Una festa della montagna organizzata e gestita da persone che la montagna, con i suoi terribili problemi, la fatica quotidiana e — perché no — le piccole e grandi gioie e soddisfazioni, non la vivono sulla propria pelle è un paradosso. Ma nelle Valli del Natisone di questi tempi succede anche questo.
Domenica 4 settembre al rifugio «Pelizzo» i relatori del convegno sul ruolo dei territori montani erano l'assessore regionale Violino, quello provinciale Marcuzzo, il sindaco di Paularo, Faleschini, il (dimissionario?) commissario della comunità montana, Tirelli, e il commissario di Savogna, Damele. Non invitati al tavolo gli amministratori locali e privati del diritto di parola quelli presenti in platea.

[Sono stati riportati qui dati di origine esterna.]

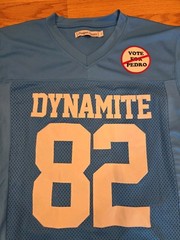 Headgear Classics Napoleon Dynamite Uncle Rico Jersey L 2004 Blue #82 Jon Gries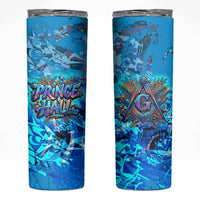 Prince Hall Freemasonry Skinny Tumbler Compasses Masonic Art - Urban Graffiti Style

Questi ultimi erano appena quattro: un sindaco, due vice e un consigliere di opposizione, quando la comunità montana conta ben 25 comuni.
Evidenti, dunque, il boicottaggio alla tavola rotonda dei «visitors» — per usare un’efficace definizione dell’ex sindaco di Udine, Cecotti — da parte della quasi totalità dei politici autoctoni e l’assenza — per solidarietà, hanno fatto sapere — dei colleghi dell’alta valle dell’Isonzo in Slovenia.
Portavoce del dissenso si è fatto il sindaco di Pulfero. «Le Valli del Natisone si sono ritrovate completamente escluse: tutte le iniziative in programma erano a cura di realtà e persone estranee all’area della Slavia friulana. Dov’erano, per esempio, i nostri gruppi corali? Sono indignato. La situazione creatasi è l’evidente dimostrazione di come la nostra sia terra di conquista», ha tuonato Domenis. Sottolineando, in aggiunta, che per l’organizzazione sono stati consumati quest’anno 10.000 euro, quasi il doppio di quanto si spendeva in passato.
Un appunto va fatto anche all’assessore Violino. Nel suo pur ottimo intervento in vetta ha affermato che «fino al 1989 qui finiva il mondo». Niente di più sbagliato, perché il Matajur ha sempre unito le popolazioni di entrambi i versanti, anche quando la politica cercava di dividerli durante gli anni difficili del secondo dopoguerra. Non si può farne una colpa all’assessore, che ha ripetuto un ritornello sempre in voga. Lui è della Bassa friulana. Ma chi conosce la realtà locale non si sarebbe mai espresso in quei termini.